Es mag sehr anmaßend erscheinen, sich selbst ins Spiel zu bringen. Aber es dreht sich um den Abschiedsgruß bei der letzten persönlichen Begegnung vor einigen Wochen. „Pass auf dich auf, mein Lieber! Ich habe schon viel zu viele Freunde verloren!“. Eine innige Umarmung folgte. Wie immer davor. Und wie nie mehr danach. Der Freund, der dies sagte, schien, nach etlichen Chemotherapien und dem nahen Tod kurzzeitig an der Seite, den Kampf gegen eine heimtückische, viel zu lange ignorierte Krankheit tatsächlich gewonnen zu haben und auf einem verblüffend raschen Weg der Genesung zu sein. Seinen 70. Geburtstag, zuvor im Jänner, hätte er auf doppelte Weise feiern können. Er scherzte höchst vergnügt, sein Tatendrang schien keine Grenzen zu kennen.
Aber schier grenzenlos und unfassbar in all seinen Dimensionen des Schreibens und Denkens war Dževad Karahasan stets. Als der Titel seines neuen Buches, an dem er auch in den Zeiten seiner Krankheit ständig arbeitete und feilte, die Runde machte, löste er einen kurzen, kleinen Schock aus: „Einübung in das Schweben“ lautete er. Das klang unheilvoll, nach einem Vermächtnis, nach einem Nachruf zu Lebzeiten.

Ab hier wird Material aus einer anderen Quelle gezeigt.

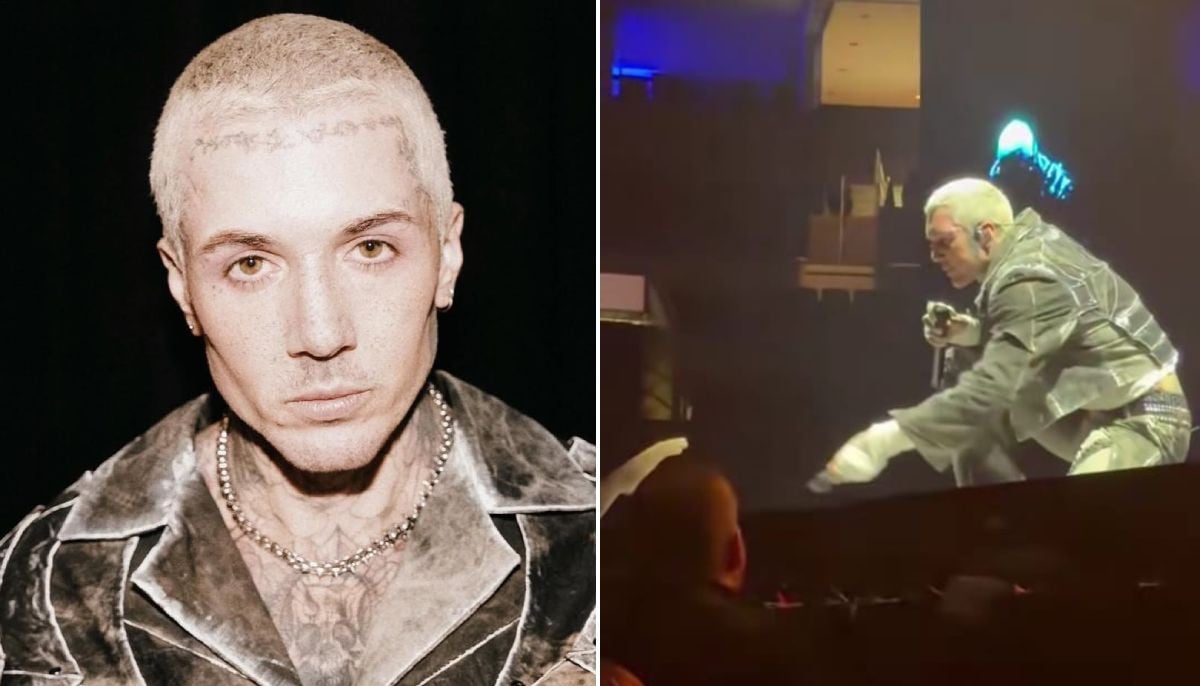 Bring Me the Horizon singer Oliver Sykes shares update after concussion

In Wahrheit hatte Dževad Karahasan fast drei Jahrzehnte lang mit sich selbst gerungen, ehe er die Geschichte verfasste. „Ich hatte Angst, verrückt zu werden“, sagte er. Die Angst war, für alle, die ihn näher kannten, nur allzu verständlich. Denn die Romanreise führt zurück in seine Heimat, nach Sarajevo, diese einstige, keineswegs nur in Europa einzigartige Metropole des multikulturellen Lebens, Denkens und Handelns. Bis 1992 der Krieg mehr als nur die Stadt zerstörte. Auch in Teilen der Bevölkerung taten sich Bruchlinien auf. Die traumatischen Erfahrungen hinterließen bei Dževad Karahasan zahlreiche seelische Narben.

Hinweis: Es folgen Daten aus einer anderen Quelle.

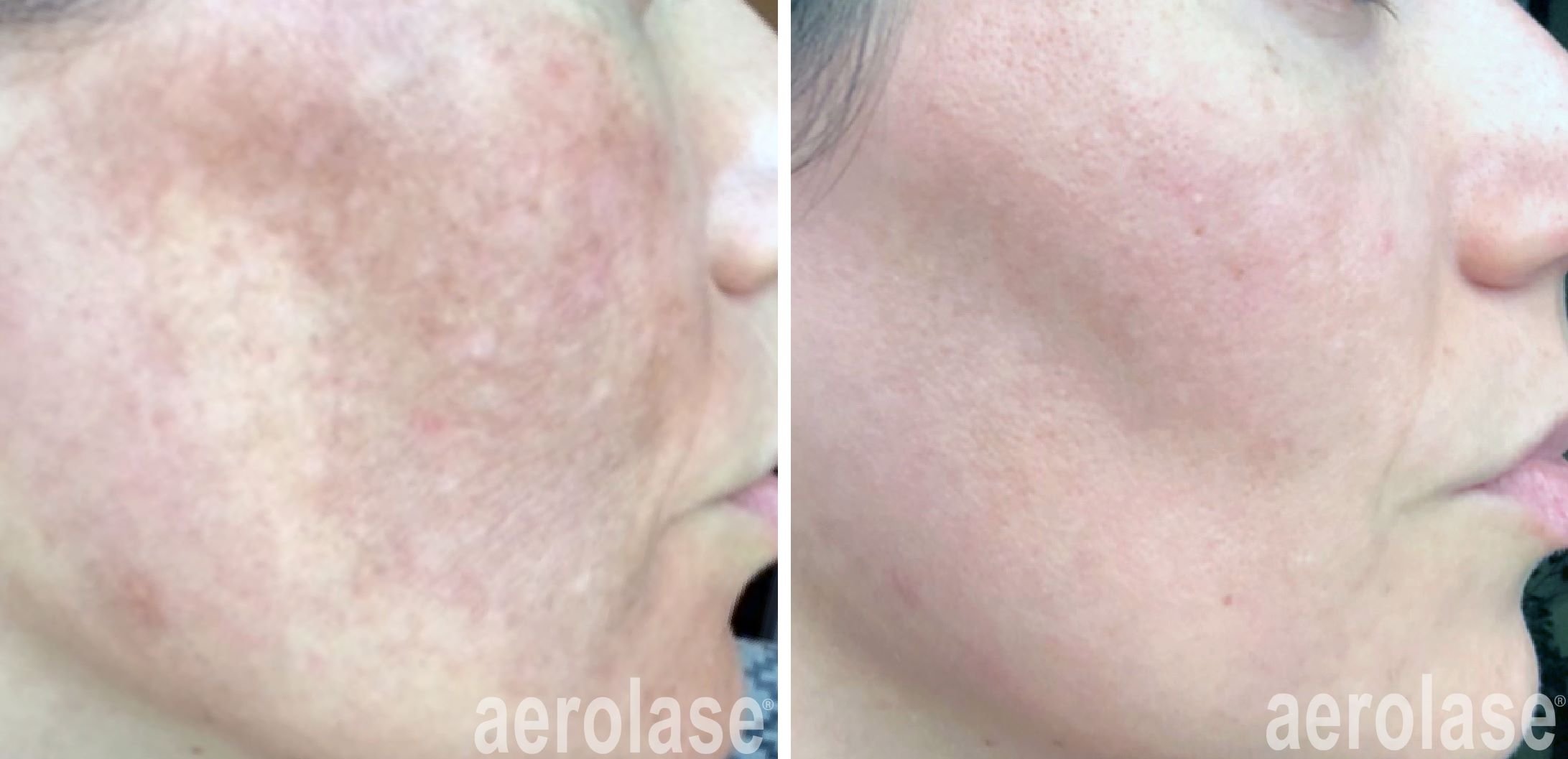 Aerolase before and after treatment for melasma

Kein Freund des Rampenlichts
Ein Handy ärgerte ihn, Google war im fremd. Er war selbst ein wandelndes Lexikon. Einige Sätze lang weilte er in der Antike bei Platon, wechselte plötzlich zu Dante, ehe er bei seinem Lieblingsklub, dem SK Sturm, landete. Zehn Minuten über einen seiner Lieblingsdichter Anton Tschechow ersetzten mehrere Biographien. Mit dem russischen Dichterfürsten teilte Dževad Karahasan die tiefe Melancholie. Aber bei ihm trug sie in den Gesprächen eine Tarnkappe. Das Lachen lag ihm weitaus näher als jede Bemerkung zur eigenen, mitunter gewiss auch leidvollen Befindlichkeit. Als gelte es, einen Kernsatz von Ludwig Wittgenstein abzuwandeln: Worüber man nicht reden will oder kann, darüber muss man schreiben.
Schmunzeln und Stille
Jemanden „betratschen“ – das war eine seiner Lieblingsbezeichnungen. Sie löste anfangs einige Irritation aus. Aber in seiner Muttersprache steht der Begriff nicht für boshafte Sticheleien, sondern für liebevolle, anerkennende Erörterungen. Also betratschten wir querweltein vielerlei. Oder hielten uns an ein anderes Wort: Unterbrechen Sie mich nicht, ich möchte schweigen! Dies löste bei ihm oft ein Schmunzeln aus. Hernach: Stille.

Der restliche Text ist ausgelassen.